“The best of [Oscar Wilde’s] writing is but a pale reflection of his brilliant conversation. Those who have heard him talk find his writings a disappointment. Dorian Gray was originally an admirable story, much superior to La Peau de Chagrin! Far more significant! Written, alas, it is a masterpiece that falls short. His most charming tales are too literary; despite their grace you are too much aware of affectation; preciosity and euphuism cover the beauty of the first inspiration…and when, later, Wilde works over his sentences, strives for his effects, it is by a prodigious overlay of conceits, of petty inventions, amusing and bizarre, in which emotion is brought up short, so that the surface shimmer conceals from mind and eye the profound central emotion.”—Andre Gide (1869-1951), on friend Oscar Wilde, “In Memoriam: Oscar Wilde,” translated by Jeffrey J. Carre, in Pretexts: Reflections on Literature and Morality, edited by Justin O’Brien (1959)
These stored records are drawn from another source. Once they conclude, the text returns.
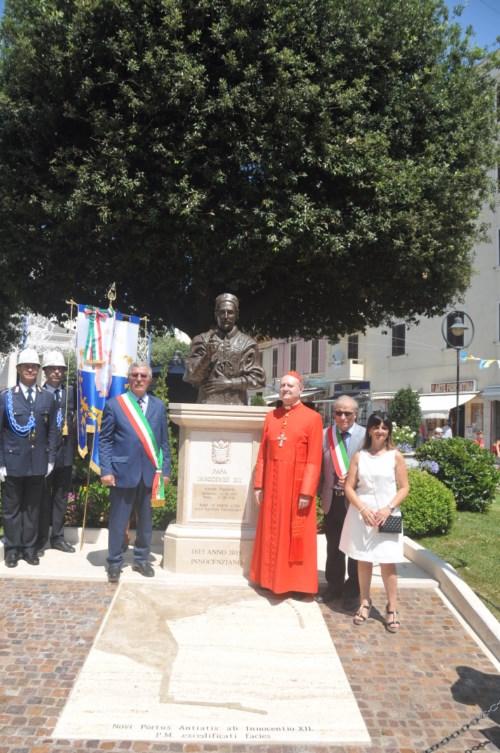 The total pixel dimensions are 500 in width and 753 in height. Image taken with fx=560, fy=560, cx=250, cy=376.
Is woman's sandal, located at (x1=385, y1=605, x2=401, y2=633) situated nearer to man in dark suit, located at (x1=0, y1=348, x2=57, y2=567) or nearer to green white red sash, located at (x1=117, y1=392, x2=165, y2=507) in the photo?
green white red sash, located at (x1=117, y1=392, x2=165, y2=507)

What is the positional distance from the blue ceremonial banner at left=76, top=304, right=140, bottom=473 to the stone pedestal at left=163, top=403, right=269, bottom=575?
164 centimetres

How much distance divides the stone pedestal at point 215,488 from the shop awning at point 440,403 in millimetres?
21963

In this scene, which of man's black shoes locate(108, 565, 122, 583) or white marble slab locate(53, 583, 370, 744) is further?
man's black shoes locate(108, 565, 122, 583)

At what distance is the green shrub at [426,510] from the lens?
809cm

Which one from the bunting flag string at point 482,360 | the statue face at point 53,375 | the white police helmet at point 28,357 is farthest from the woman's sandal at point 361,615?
the bunting flag string at point 482,360

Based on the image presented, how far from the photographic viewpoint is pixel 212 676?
3.81m

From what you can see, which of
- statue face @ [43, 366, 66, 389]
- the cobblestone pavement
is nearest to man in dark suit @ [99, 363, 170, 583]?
the cobblestone pavement

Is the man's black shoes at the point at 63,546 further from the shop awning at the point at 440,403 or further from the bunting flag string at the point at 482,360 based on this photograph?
the shop awning at the point at 440,403

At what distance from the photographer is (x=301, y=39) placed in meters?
9.66

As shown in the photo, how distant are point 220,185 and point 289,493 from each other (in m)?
7.39

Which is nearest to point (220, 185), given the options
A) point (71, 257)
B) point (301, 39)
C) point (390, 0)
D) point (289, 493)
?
point (301, 39)

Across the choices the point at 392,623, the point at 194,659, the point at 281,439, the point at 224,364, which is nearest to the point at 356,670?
the point at 392,623

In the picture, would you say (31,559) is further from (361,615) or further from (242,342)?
(361,615)

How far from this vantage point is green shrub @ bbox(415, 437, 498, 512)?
33.6ft
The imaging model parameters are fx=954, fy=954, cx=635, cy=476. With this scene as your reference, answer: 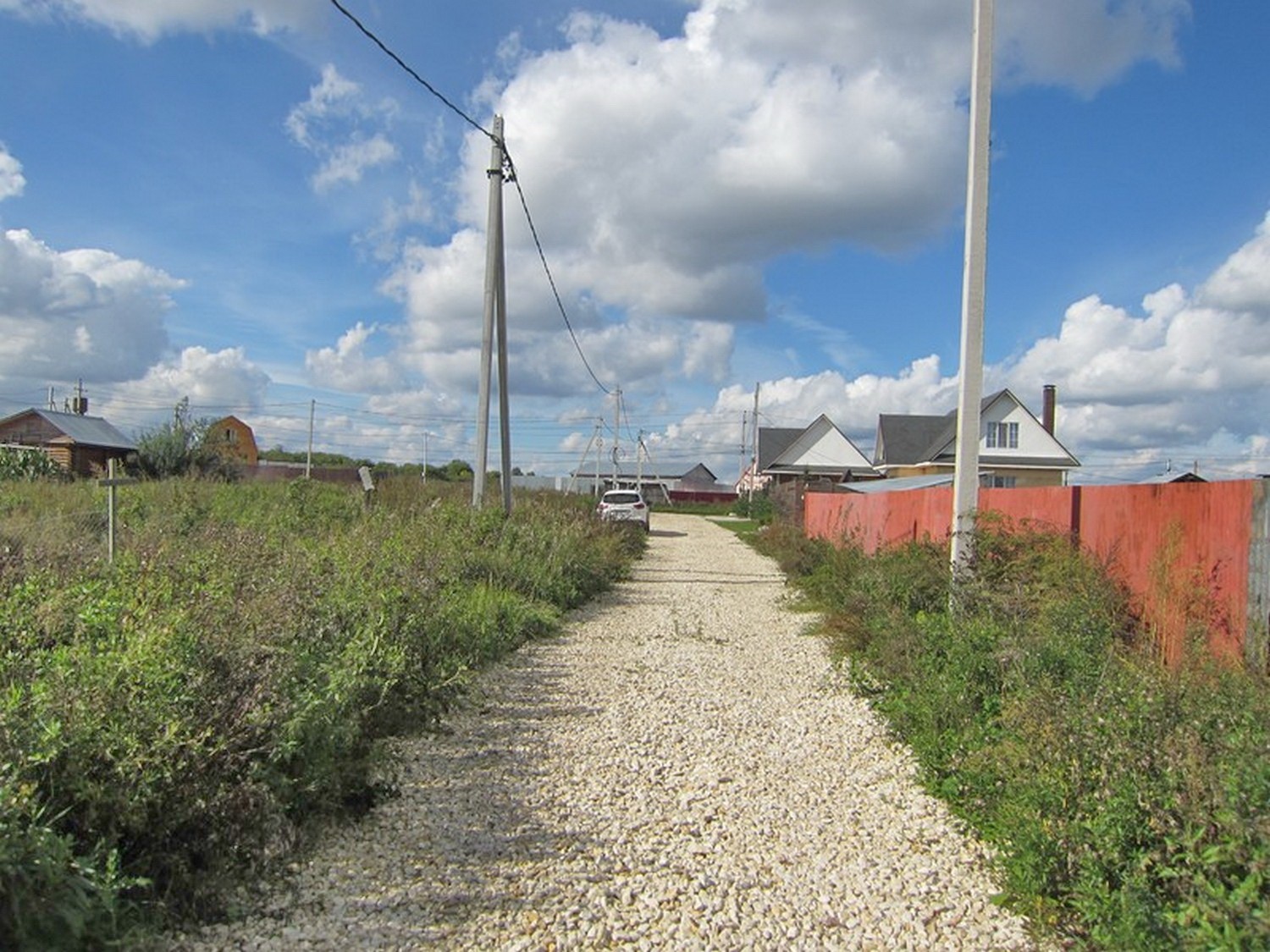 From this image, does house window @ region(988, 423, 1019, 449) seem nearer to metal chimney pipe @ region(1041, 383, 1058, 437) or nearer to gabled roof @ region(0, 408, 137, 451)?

One hundred sixty-five years ago this week, Oscar Wilde—who attracted international attention for his flamboyance and wit even before he wrote anything substantial, finally conquered the London theater scene, only to see it vanish after a scandalous trial—was born in Dublin.
I have posted several times on the Anglo-Irish man of letters, including this one from five years ago, on the 160th anniversary of his birth. Yet the nature of his character and achievement is such that I felt more could be said about him.
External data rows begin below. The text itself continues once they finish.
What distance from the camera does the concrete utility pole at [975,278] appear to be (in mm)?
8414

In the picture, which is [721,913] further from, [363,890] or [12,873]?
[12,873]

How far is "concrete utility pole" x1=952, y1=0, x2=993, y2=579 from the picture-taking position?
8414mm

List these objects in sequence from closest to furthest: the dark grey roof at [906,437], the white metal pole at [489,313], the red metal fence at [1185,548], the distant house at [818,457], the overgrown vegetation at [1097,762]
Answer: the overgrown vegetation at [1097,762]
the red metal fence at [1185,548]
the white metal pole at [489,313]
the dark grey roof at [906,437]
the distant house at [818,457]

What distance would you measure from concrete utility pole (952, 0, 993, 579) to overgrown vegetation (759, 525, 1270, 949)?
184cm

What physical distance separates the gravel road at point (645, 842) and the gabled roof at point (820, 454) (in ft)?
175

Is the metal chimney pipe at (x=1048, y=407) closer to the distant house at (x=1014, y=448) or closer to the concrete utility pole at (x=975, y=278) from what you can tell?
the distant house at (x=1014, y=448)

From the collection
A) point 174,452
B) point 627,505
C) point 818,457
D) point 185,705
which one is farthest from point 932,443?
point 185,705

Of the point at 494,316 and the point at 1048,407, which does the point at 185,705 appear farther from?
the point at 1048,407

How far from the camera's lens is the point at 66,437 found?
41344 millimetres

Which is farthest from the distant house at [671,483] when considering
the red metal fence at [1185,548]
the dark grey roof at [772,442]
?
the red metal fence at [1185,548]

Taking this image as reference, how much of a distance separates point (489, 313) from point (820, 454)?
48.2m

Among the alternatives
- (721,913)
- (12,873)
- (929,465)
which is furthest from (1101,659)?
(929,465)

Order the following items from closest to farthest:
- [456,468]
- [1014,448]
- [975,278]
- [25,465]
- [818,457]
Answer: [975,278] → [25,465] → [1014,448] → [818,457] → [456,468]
Much of this was brought to mind for me when I came across Andre Gide’s poignant tribute to his deceased friend Wilde. The French Nobel Prize-winning novelist and diarist recalled meeting the playwright in 1891 at a dinner for four, where the other guests took a backseat as the older writer spoke without ceasing:
“Wilde did not converse; he narrated. Throughout almost the whole of the meal he did not stop narrating. He narrated gently, slowly; his very voice was wonderful.”
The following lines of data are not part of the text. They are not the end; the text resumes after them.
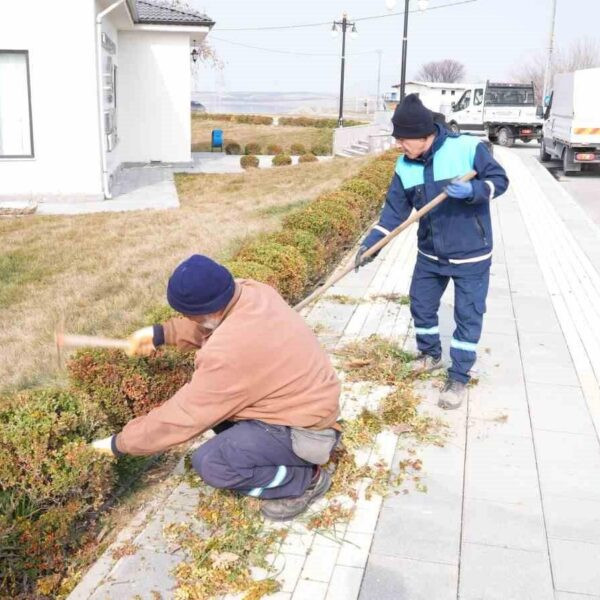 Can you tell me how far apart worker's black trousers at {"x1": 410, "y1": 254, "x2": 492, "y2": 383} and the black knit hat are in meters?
0.83

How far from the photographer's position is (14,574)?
297 centimetres

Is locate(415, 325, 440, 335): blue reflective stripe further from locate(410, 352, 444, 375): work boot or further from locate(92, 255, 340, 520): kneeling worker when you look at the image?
locate(92, 255, 340, 520): kneeling worker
After his confinement for violating England’s anti-homosexuality legislation, Wilde, under the assumed name Sebastian Melmotte, moved to the continent, where he encountered Gide again. By this point, Wilde was a wreck of a man.
Several friends tried to mount a critical rescue mission after Wilde’s death in 1900, Gide observed:
“Unfortunately, their action was based on a misconception, for it must be admitted that Wilde is not a great writer. The leaden life preserver that was thrown out simply completed his ruin; his works, far from supporting him, seemed to sink with him. In vain a few hands stretched out. The waters of the world closed over him; it was the end.”
Nobody alive, of course, has ever heard Wilde in conversation, so it is impossible to determine the validity of Gide’s comparison of the playwright’s table talk with his work. In 18th century London, the same point might have been made about Samuel Johnson, judging from James Boswell’s biography.
But Gide accepted too readily Wilde’s lament, “I put all my genius into my life; I put only my talent into my works.” The value of a work can be determined at least partly by whether it continues to be read or performed.
By this measure, Wilde’s work in the last half-dozen years before his fall from grace—his dazzling comedies (especially The Importance of Being Earnest), Salome (the basis of the Richard Strauss opera), The Picture of Dorian Gray, and “The Ballad of Reading Gaol”—assure him of a secure place in the literary canon—probably an even more certain place than that of Gide himself.